PATRICIA WILSON-ADAMS: stain me with the intensity of black
Free exhibition
Patricia Wilson-Adams has been a printmaker for most of her creative life and states - 'you might say it is engraved into the very way I live. I have spent a lifetime with black stains under my fingernails'.
This survey exhibition comprises traditional etchings and engravings as well as a wide range of works including installations and major sculptural works which are to be shown for the first time.
Wilson-Adams’ work is framed around the healing theories of Ecophenomenology - a re-conceptualisation of human relationships with the natural earth.[1] The work focuses essentially on issues concerning the environment, cultural landscapes, land usage and the place of the individual within these spaces.
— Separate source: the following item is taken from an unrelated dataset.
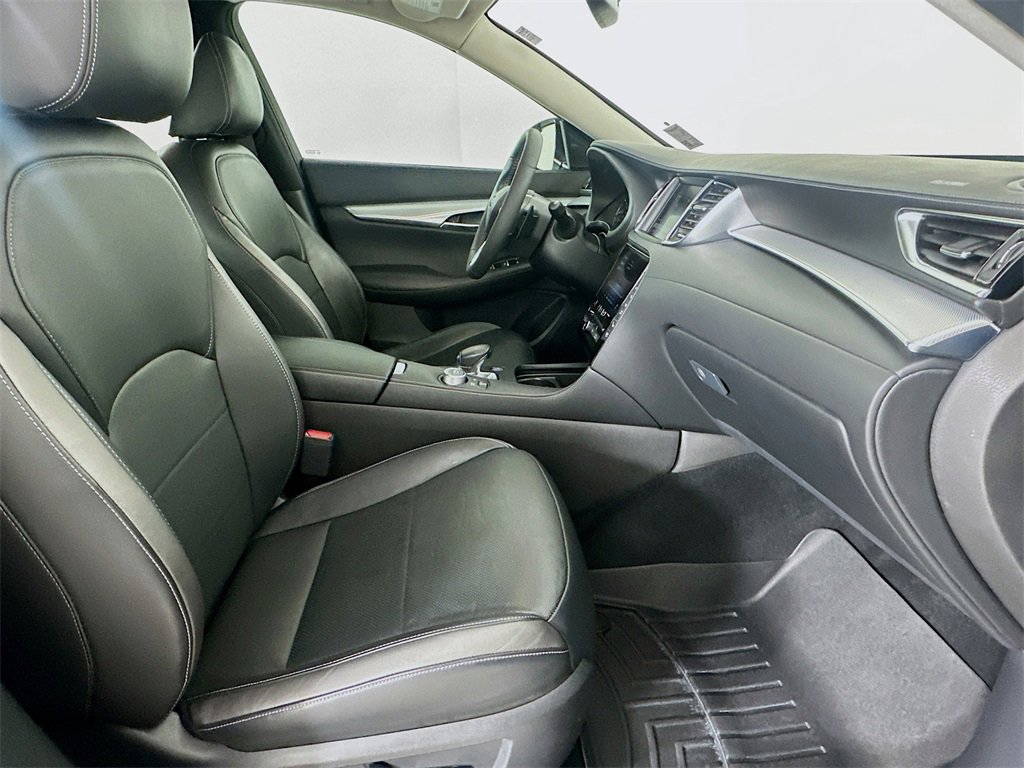 Used 2020 INFINITI QX50 Sensory w/ Proactive Package image 9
Here she explores notions of what it is like 'to be in and of the world'. One of the most pervasive themes of the exhibition is around the sense of loss – the loss of land, the loss of those who have gone before and the loss of environment.
Wilson-Adams describes herself as not being a “signature” artist, but rather one for whom the project dictates the form, medium and materials. Her approach can be described as being polyvalent, with an aesthetic that has been referred to as being 'rustic and flinty' with 'an arte-povera sensibility'.[2]
As an academic at the University of Newcastle for three decades, Wilson-Adams has a deep engagement with the world of ideas and enjoys research and writing and has always maintained that to be 'intellectually alive' is important. Fundamental to her work is a diverse range of references and influences from literature and poetry, from Lucy Lippard who coined the phrase 'eccentric abstraction', to the Japanese Gutai movement which reveled in the adventurous and unexpected. Wilson-Adams also acknowledges a debt to Minimalism, and more recently she has become interested in the tensions (as present in Japanese art) between the restraints of Minimalism as opposed to the outright chaotic.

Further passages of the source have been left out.